お酒の免許を申請するためにクリアーしなければならない要件の1つとして、場所的要件があります。場所的要件は、次のように定められています。
 
酒税法10条9号関係の要件(場所的要件)
正当な理由がないのに取締り上不適当と認められる場所に販売場を設けようとしていないこと
 
 国税庁の例示として、お酒の免許を申請する場所が、他の営業主体と明確に区分されていることをあげています。ご自宅やレンタルオフィスは、他の営業主体と明確に区分されていないようなケースがあります。具体的には、ご自宅は生活とお酒の販売場が明確に区分されていない、レンタルオフィスは、他業者とスペースが明確に区分ができていない等です。
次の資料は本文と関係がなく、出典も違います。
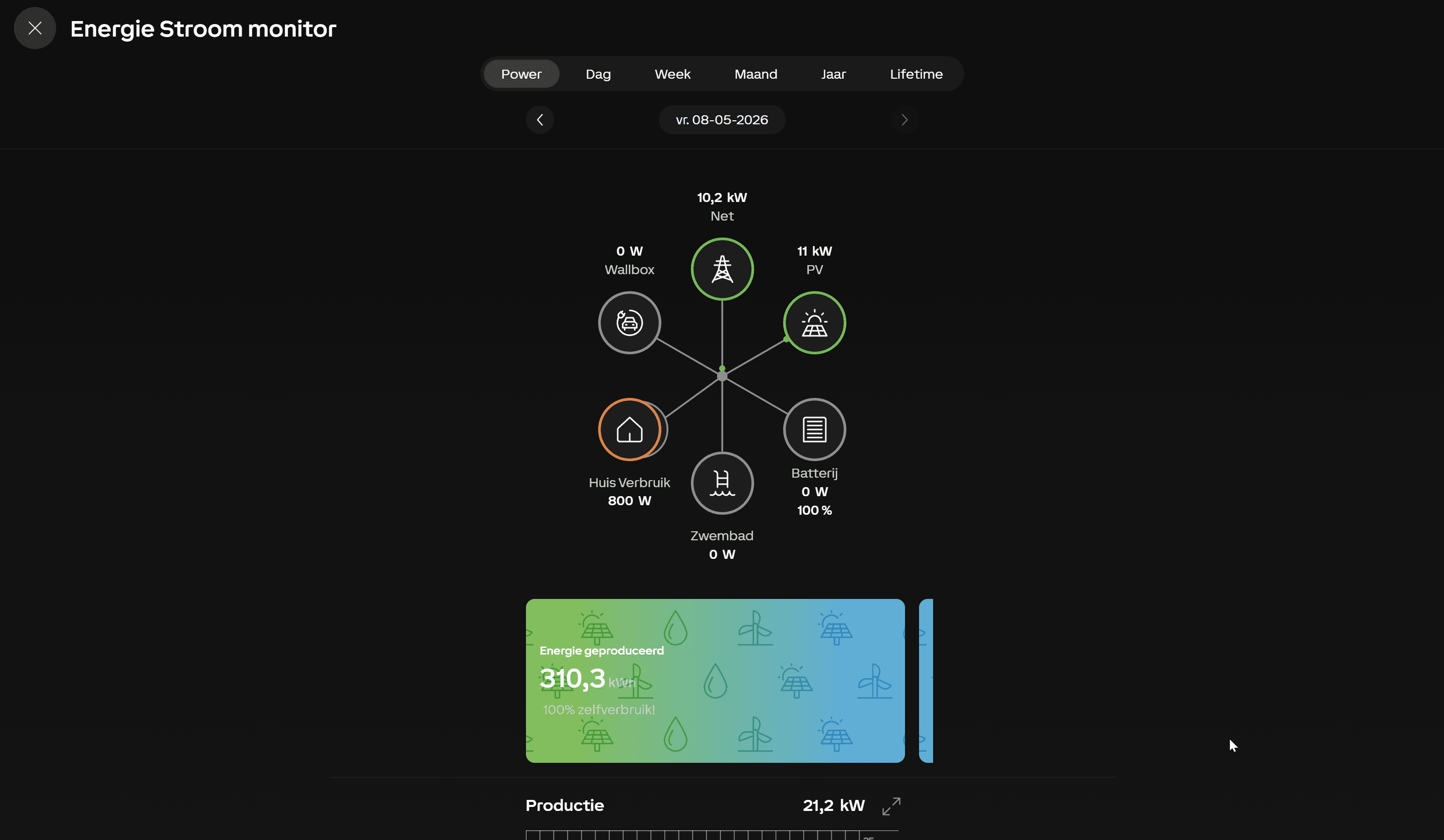 Energie-overzicht dashboard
それでは、ご自宅やレンタルオフィスでお酒の免許の交付を受けることは不可能なのでしょうか。
 
 ご自宅でお酒の免許を申請する場合
 
次のことに注意する必要があります。
 
a)建物の所有者から、お酒の販売に対する同意をとる
 
b)居宅・事業用の場所を明確に区分する
 
 a)については、自己所有の場合は問題がありません。ただ、例えばご夫婦で共有名義になっている場合は、たとえ夫婦であっても、免許を申請しない配偶者からの同意書が必要です。
 
 また、賃貸の場合は、居住用の賃貸借契約書を締結していることがほとんどです。そのため、建物の所有者から、お酒の販売を行ってよい旨の承諾書又は覚書の交付を受ける必要があります。なお、承諾書や覚書があれば、住居用の賃貸借契約書を事業用のものに変更する必要はありません。
 
 気をつけなければならないのは、大型マンションで免許を申請する場合です。そのような場合は、マンションの管理組合規約があり、商業使用が認められていない場合があります。その場合は、管理組合から別途の許可が必要です。
 
b)については、生活の拠点となるリビングで免許を申請することはできません。例えば、使っていない子供部屋等、独立した部屋を事業用として準備する必要性があります。また、原則として、お酒の受注行為(電話を受ける、パソコンでメールを受ける)は、独立した部屋の中で完結しなければなりません。
 
 ご自宅でお酒の免許を申請する場合、お酒の置き場所にも注意する必要があります。というのは、お酒の置き場所は、原則として、お酒の免許場所に限定されています。そのため、仕入先と交渉をし、在庫を持たずにお客様から発注がある毎に仕入先からお客様へ直送する形をとることも検討する必要があります。また、在庫をかかえざるをえない場合は、外部の倉庫への委託を検討します。このような場合は、免許取得後に、蔵置場の設置報告書が必要ですので、注意が必要です。
 
 
 レンタルオフィスでお酒の免許を申請する場合
 
レンタルオフィスとバーチャルオフィスで対応が異なります。
 
a)レンタルオフィス
 
 レンタルオフィスは、会社の定位置が決まっていないフリーアドレス制のものでは、お酒の免許を取得することができません。理由は、お酒の免許は場所を特定して付与するためです。レンタルオフィスであっても、壁等で他社と明確に分離され、特定の場所を使うようになっている場合は、お酒の免許を取得できる可能性があります。
 
b)バーチャルオフィス
 
 法人の登記のみができ、実際の使用ができないバーチャルオフィスを利用して、お酒の免許を申請することはできません。理由は、お酒の販売行為は免許場所でのみ行うことができるため、実際に事務所を使用できない場所は免許場所として相応しくないためです。